Análise do poema "Prosopopeia", de Bento Teixeira


    Apesar de a literatura brasileira ter nascido sob o signo do Barroco, a primeira poesia feita no Brasil a respeito do Brasil é uma poesia de transição, embora seja dada como marco da poesia brasileira, feita em moldes camonianos (literatura «kitsch camoniana»): "Prosopopeia", de Bento Teixeira, é um poema em louvor do governador de Pernambuco e a sua família. Contém duas ou três estrofes dedicadas ao Brasil, mas, mesmo cantando as vantagens da terra, o autor possui uma ótica externa de ver as coisas brasileiras.

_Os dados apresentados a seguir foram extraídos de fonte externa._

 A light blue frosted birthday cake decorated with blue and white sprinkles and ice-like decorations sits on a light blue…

    Bento Teixeira faz uma tentativa de imitar Camões, fazendo uma epopeia reduzida, mesmo em termos de impacto. É uma epopeia que fala da família dos Albuquerques, o que reduz o âmbito do poema, que inaugura a lisonja na literatura do Brasil: louva, pois, a família dos Albuquerques, que pertencem à família dos donatários da capitania de Pernambuco.

    A composição poética começa com uma Proposição parecida com a de Os Lusíadas, mas não se refere a Luís da Camões, antes a Virgílio, designado como "o Mantuano", cantando Eneias. A Eneida foi uma das fontes da epopeia camoniana. Assim, vai imitar Camões a partir dos versos de Os Lusíadas e refere-se à catábase de Eneias (quando desce ao Hades). Esta é uma literatura que surge no Brasil, mas com gostos importados de raízes europeias: a imitação de um poema lusitano. Bento Teixeira tenta fazer de Albuquerque o grande herói do seu poema e não de Camões ou Eneias.

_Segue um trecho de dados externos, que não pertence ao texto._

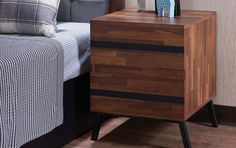 a bed with a wooden night stand next to it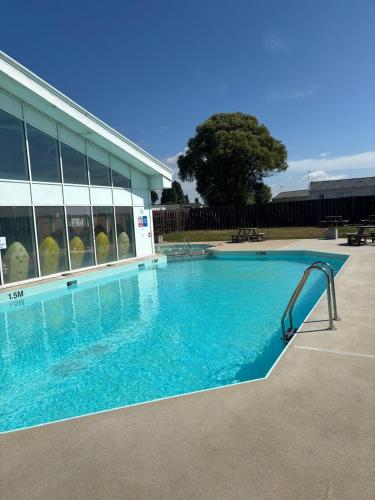 a swimming pool with a slide in front of a building at Ultimate serene getaway in East Mersea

    Na Invocação, invoca Deus e não as musas, o que mostra a sua origem cristã. As referências ao mundo grego e latino são referências características do Renascimento, sendo que a alusão a Deus também aparece em Camões, que usa a mitologia e a cultura clássicas como ornamento. O poema refere-se ao Renascimento tardio, ao poema camoniano e está filiado numa cultura europeia e religiosa.

    Na realidade, este texto é uma paródia a Os Lusíadas, havendo, no entanto, uma referência à situação do poema: a sua ligação com o Brasil ("Dos casos vários da olindesa gente...").

    No canto IV, afirma a sua ligação não só ao cristianismo, mas ao catolicismo. O poema tem, de facto, um vínculo ideológico com o catolicismo..

    No V, existem várias referências à Antiguidade Clássica: Talia é uma musa do canto épico e da comédia; o motivo da humildade do poeta, que é fingida, como se comprova quando ele refere o seguinte: "Doutro licor melhor que o de Aganipe". O uso da humilitas é uma característica clássica.

    O VI diz-nos que, com o seu canto, Bento Teixeira pretende mostrar feitos tais que espantem todos os elementos: ar, fogo, mar e terra. Depois dos seis primeiros cantos, onde propõe e invoca, passa a descrever. Mas o quê? O espaço de Pernambuco. Ele vai situar Pernambuco e, mais concretamente, a cidade de Recife, referindo-se sobretudo às vantagens do porto da cidade, formado por uma barreira de coral.

    Se alguém podia pensar que ele se humildava por escrever no Brasil, no canto XIX, mostra que não estava inserido no ambiente descrito; trata os índios como bárbaros, o que mostra que tem uma visão de colonizador. Transfere para a linguagem uma propriedade que atribui aos indígenas: hipálage. Ele faz uma distinção e eleva-se a si mesmo. A única referência ao Brasil é a referência a um espaço do porto do Recife. De resto, o poema não serve para louvar o país, mas os Albuquerques. Ele louça o espaço, como é comum nesta primeira literatura, mas denigre as gentes.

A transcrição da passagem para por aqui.